Everything in the records below from the line containing "我在红尘只为等你（DJ何鹏版伴奏）封面" through the line containing "INTERNATIONAL CINEMA" is to be reproduced exactly, those two lines included; no picture is to be copied.

(The records begins)

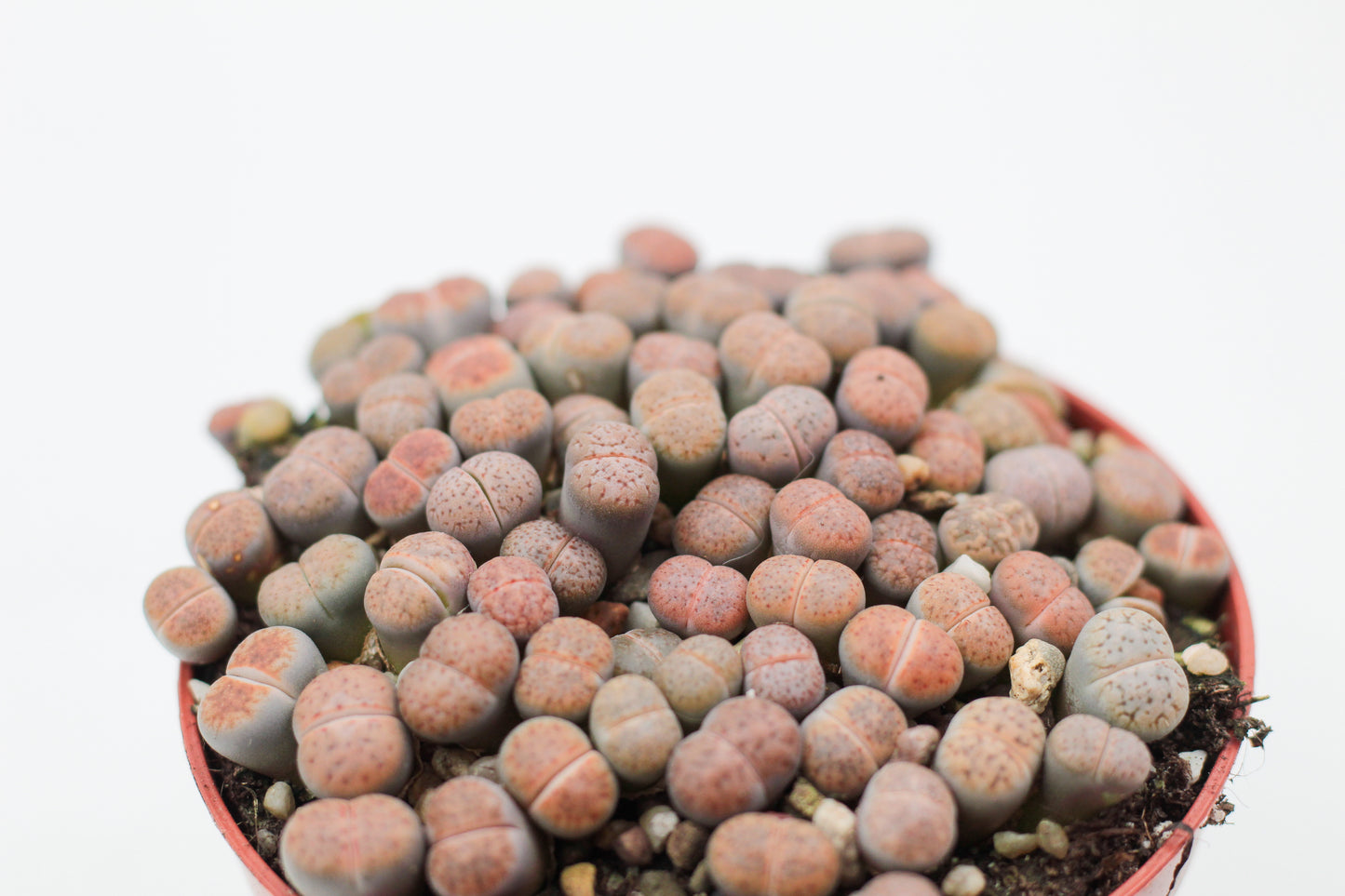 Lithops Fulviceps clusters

(The records ends)
(The records begins)

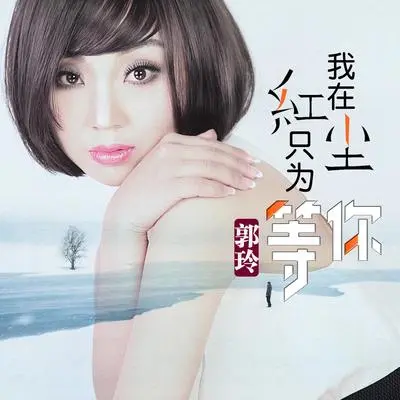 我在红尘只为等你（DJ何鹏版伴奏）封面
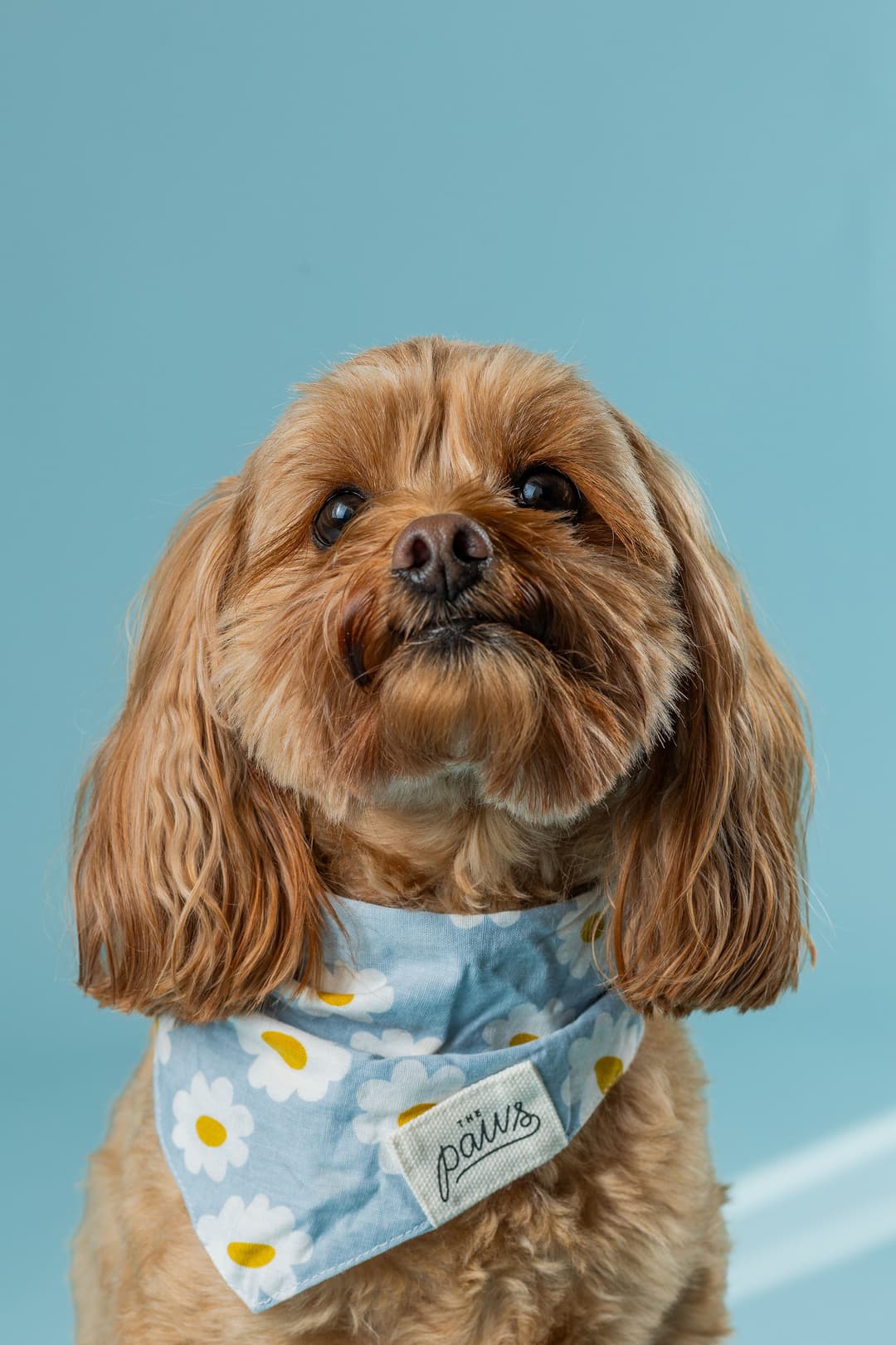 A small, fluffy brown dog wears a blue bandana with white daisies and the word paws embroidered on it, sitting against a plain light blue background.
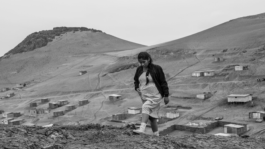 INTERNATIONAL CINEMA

(The records ends)
(The records begins)

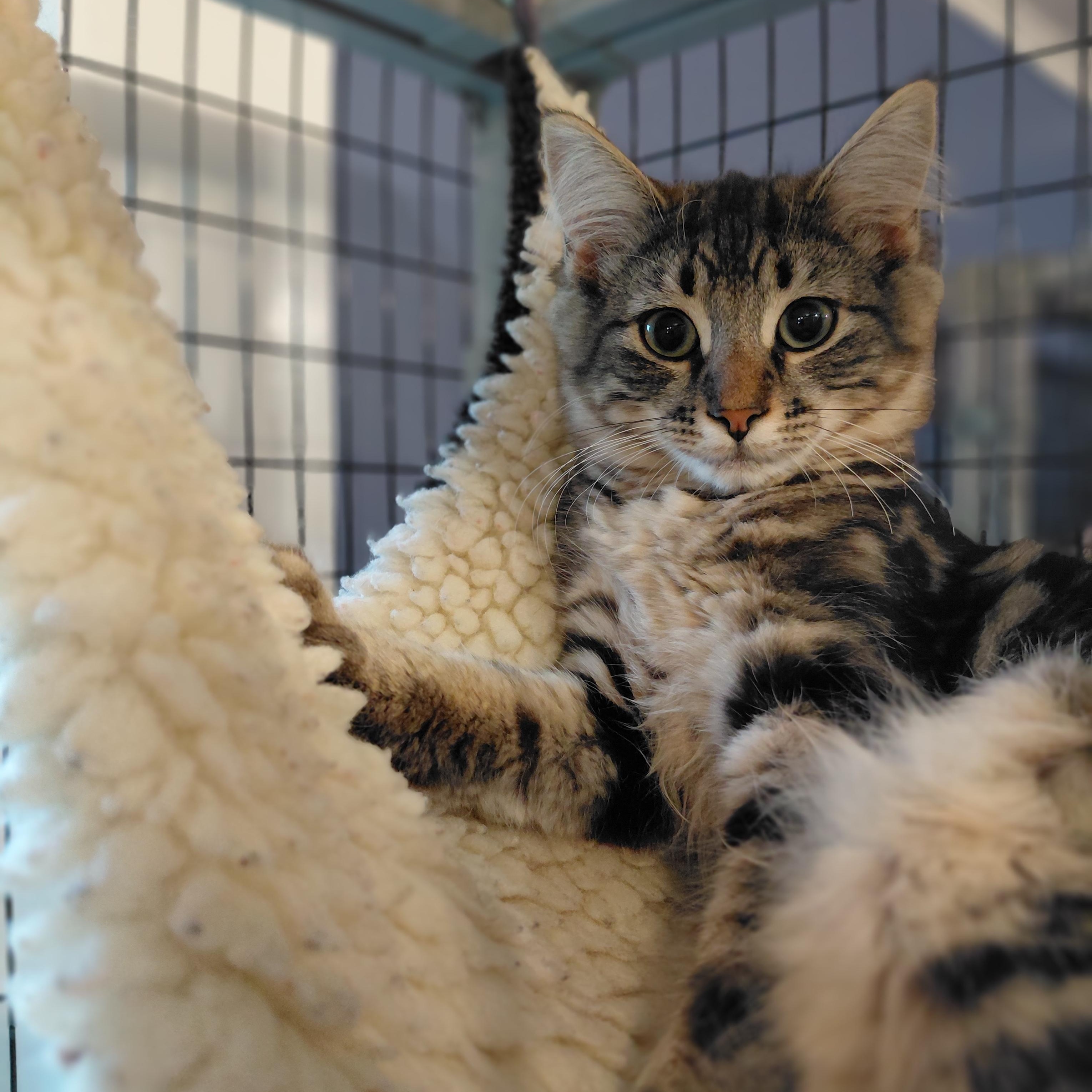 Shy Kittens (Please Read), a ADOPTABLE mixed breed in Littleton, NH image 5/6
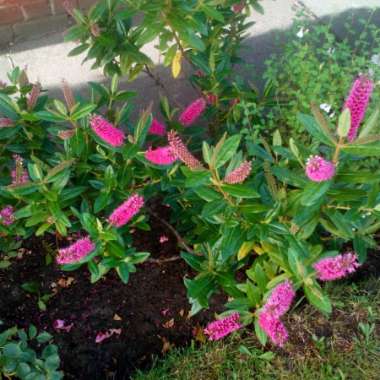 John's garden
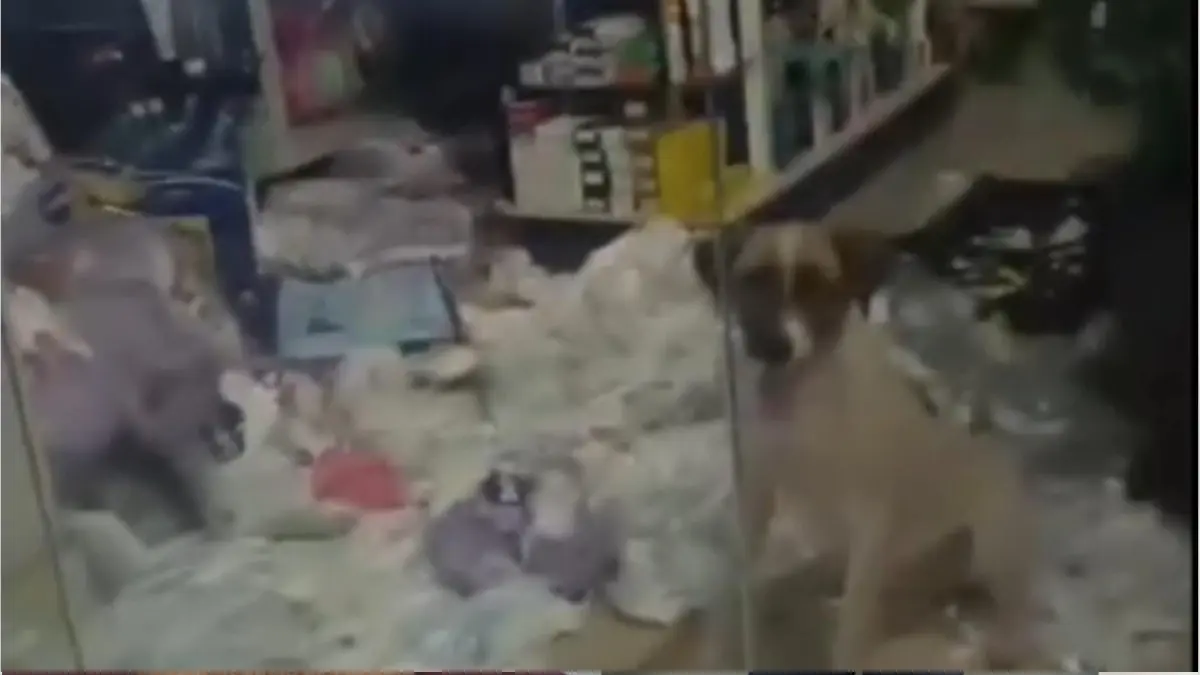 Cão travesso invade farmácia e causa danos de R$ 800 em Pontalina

(The records ends)

**Response area**
 我在红尘只为等你（DJ何鹏版伴奏）封面
 A small, fluffy brown dog wears a blue bandana with white daisies and the word paws embroidered on it, sitting against a plain light blue background.
 INTERNATIONAL CINEMA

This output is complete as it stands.